_INFORMATION PROVIDED_:
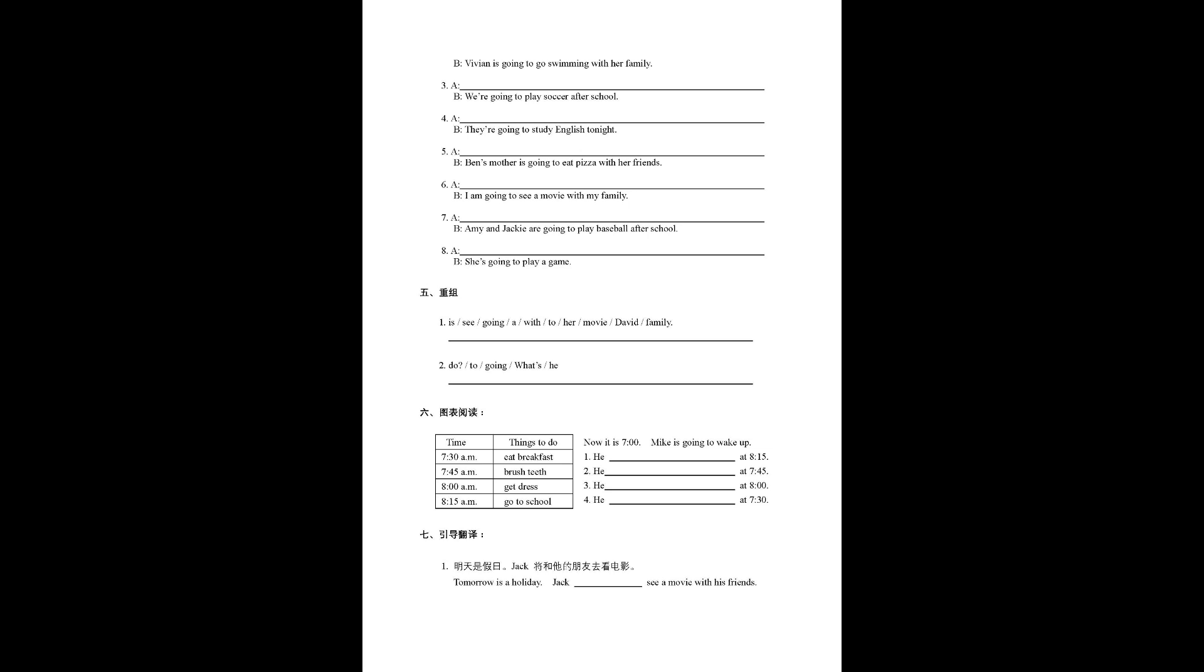Number four, they're going to study English tonight. Number five, Ben's mother is going to eat pizza with her friends. Number six, I'm going to see a movie with my family.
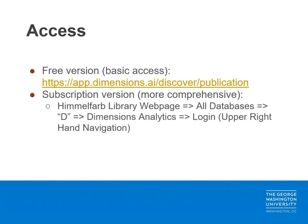There are two options for access to dimensions. The free version of dimensions is website-based, and for access, simply use the URL listed here to get started.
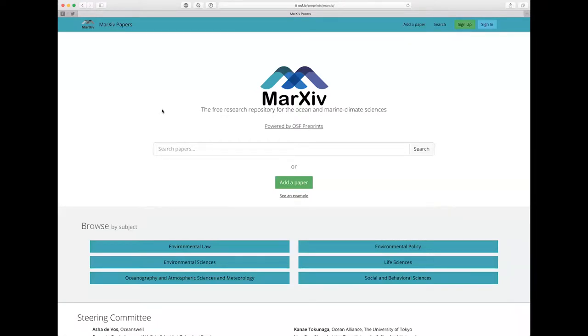Hi everyone, this is Nick Wehner, the Director of Open Initiatives at OCTO, showing you how to add a new paper to Markhive, the free research repository for the ocean and marine climate sciences.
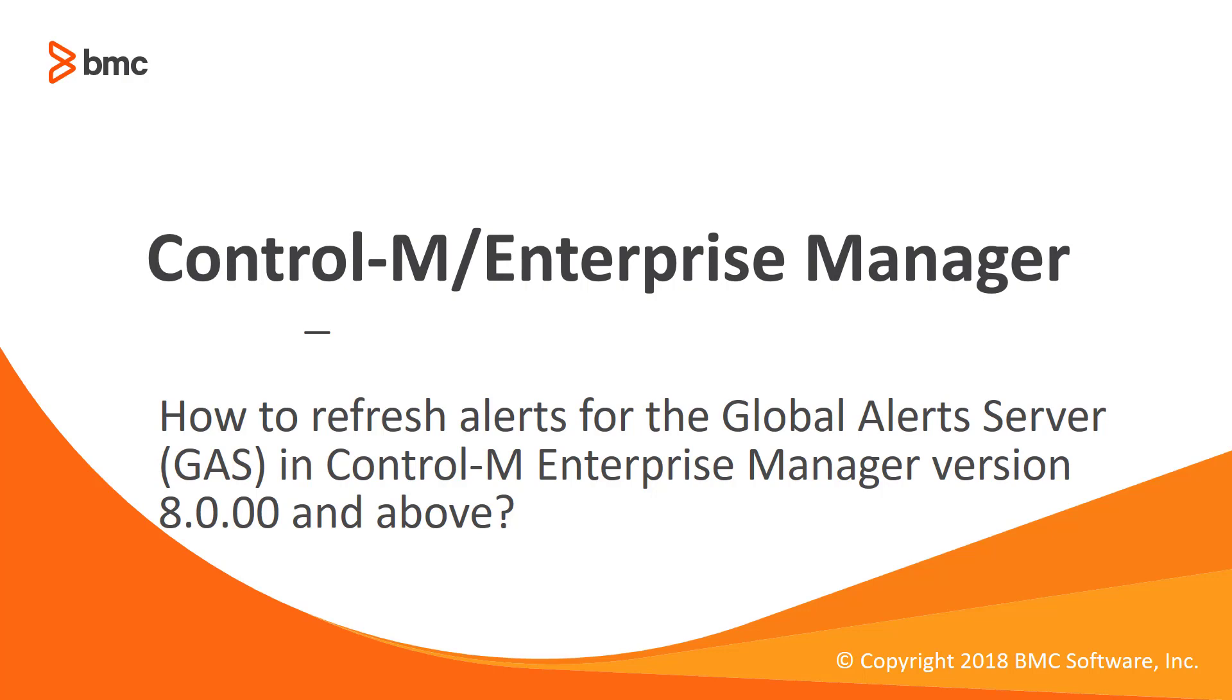Welcome to support video for Workload Automation video series. This video will demonstrate how to refresh alerts for Global Alert Server in Control-M Enterprise Manager version 8 and above.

_WORK TASK_: Word for word, copy every line of the data, excluding any pictures.

_ANSWER BELOW_:
Number four, they're going to study English tonight. Number five, Ben's mother is going to eat pizza with her friends. Number six, I'm going to see a movie with my family.
There are two options for access to dimensions. The free version of dimensions is website-based, and for access, simply use the URL listed here to get started.
Hi everyone, this is Nick Wehner, the Director of Open Initiatives at OCTO, showing you how to add a new paper to Markhive, the free research repository for the ocean and marine climate sciences.
Welcome to support video for Workload Automation video series. This video will demonstrate how to refresh alerts for Global Alert Server in Control-M Enterprise Manager version 8 and above.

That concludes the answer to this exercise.